### SOURCE MATERIAL ###
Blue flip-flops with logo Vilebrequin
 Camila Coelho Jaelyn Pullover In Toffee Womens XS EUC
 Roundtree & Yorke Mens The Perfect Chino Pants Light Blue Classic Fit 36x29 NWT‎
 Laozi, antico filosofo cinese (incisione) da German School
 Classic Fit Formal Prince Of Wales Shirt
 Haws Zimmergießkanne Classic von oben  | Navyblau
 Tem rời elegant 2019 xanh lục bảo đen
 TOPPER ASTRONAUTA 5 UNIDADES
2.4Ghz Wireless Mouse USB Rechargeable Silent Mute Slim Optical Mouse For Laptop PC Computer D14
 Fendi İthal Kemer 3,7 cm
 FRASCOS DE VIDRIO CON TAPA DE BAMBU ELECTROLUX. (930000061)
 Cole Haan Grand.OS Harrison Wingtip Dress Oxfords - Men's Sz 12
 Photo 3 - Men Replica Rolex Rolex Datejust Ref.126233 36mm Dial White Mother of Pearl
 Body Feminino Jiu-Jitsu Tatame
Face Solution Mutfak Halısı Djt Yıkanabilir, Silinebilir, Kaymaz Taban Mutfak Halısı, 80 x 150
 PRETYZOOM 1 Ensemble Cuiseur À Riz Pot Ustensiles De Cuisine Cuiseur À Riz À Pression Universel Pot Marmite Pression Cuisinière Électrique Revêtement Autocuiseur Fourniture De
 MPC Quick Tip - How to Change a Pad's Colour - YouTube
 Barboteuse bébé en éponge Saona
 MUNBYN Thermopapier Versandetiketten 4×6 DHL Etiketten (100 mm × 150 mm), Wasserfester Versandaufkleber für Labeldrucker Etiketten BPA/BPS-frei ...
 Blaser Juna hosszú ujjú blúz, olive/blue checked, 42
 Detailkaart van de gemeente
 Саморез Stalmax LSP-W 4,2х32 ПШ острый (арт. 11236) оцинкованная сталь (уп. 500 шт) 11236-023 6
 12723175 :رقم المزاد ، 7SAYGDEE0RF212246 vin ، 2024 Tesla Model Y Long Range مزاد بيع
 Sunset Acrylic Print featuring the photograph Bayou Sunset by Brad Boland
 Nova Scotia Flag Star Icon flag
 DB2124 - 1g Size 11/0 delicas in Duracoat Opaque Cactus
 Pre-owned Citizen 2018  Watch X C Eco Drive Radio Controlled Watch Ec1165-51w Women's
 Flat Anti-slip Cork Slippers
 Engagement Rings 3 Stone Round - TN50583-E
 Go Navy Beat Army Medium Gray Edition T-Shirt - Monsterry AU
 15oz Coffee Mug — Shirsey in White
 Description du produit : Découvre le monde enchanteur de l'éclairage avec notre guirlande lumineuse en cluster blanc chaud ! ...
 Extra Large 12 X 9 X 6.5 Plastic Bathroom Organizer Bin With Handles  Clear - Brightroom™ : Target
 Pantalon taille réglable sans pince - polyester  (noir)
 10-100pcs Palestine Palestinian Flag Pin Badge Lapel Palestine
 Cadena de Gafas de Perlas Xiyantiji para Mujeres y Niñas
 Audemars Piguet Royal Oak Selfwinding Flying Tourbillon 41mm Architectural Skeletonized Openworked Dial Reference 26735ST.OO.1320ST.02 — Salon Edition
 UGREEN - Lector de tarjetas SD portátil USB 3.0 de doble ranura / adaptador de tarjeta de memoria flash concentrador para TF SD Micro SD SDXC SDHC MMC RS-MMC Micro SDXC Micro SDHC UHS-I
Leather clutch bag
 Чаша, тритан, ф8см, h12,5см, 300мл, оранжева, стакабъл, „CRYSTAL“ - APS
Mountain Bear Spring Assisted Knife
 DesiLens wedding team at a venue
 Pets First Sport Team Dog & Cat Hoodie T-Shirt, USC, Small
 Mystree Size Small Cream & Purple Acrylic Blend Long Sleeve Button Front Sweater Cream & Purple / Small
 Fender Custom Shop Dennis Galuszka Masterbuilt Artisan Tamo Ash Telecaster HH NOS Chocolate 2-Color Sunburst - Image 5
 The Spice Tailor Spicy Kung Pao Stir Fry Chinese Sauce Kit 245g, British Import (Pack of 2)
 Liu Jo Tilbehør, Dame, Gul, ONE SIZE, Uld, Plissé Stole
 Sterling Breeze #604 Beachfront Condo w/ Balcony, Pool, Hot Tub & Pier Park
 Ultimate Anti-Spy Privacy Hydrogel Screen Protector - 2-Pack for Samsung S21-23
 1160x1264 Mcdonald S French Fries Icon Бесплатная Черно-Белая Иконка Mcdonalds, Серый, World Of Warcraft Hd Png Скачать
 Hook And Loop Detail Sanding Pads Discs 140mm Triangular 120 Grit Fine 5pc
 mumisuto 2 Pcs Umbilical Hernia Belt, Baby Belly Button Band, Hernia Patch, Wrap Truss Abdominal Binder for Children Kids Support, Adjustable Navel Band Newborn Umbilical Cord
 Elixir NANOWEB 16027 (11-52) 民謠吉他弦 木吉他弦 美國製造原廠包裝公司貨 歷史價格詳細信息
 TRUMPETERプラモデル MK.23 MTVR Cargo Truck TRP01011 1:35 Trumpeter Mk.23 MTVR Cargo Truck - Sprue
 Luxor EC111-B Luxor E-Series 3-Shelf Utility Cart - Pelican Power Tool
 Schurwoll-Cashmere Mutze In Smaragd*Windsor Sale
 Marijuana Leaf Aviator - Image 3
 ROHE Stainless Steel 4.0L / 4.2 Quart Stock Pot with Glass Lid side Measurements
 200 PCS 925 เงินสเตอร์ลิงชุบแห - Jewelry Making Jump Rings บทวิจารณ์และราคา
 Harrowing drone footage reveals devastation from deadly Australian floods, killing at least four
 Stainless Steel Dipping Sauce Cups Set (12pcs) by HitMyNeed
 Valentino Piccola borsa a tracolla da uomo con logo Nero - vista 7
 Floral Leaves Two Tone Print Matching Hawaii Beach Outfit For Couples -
###
= WORK TO COMPLETE =
Return only the lines of the records in which the string "Pack" appears.

= EXERCISE OUTPUT =
 The Spice Tailor Spicy Kung Pao Stir Fry Chinese Sauce Kit 245g, British Import (Pack of 2)
 Ultimate Anti-Spy Privacy Hydrogel Screen Protector - 2-Pack for Samsung S21-23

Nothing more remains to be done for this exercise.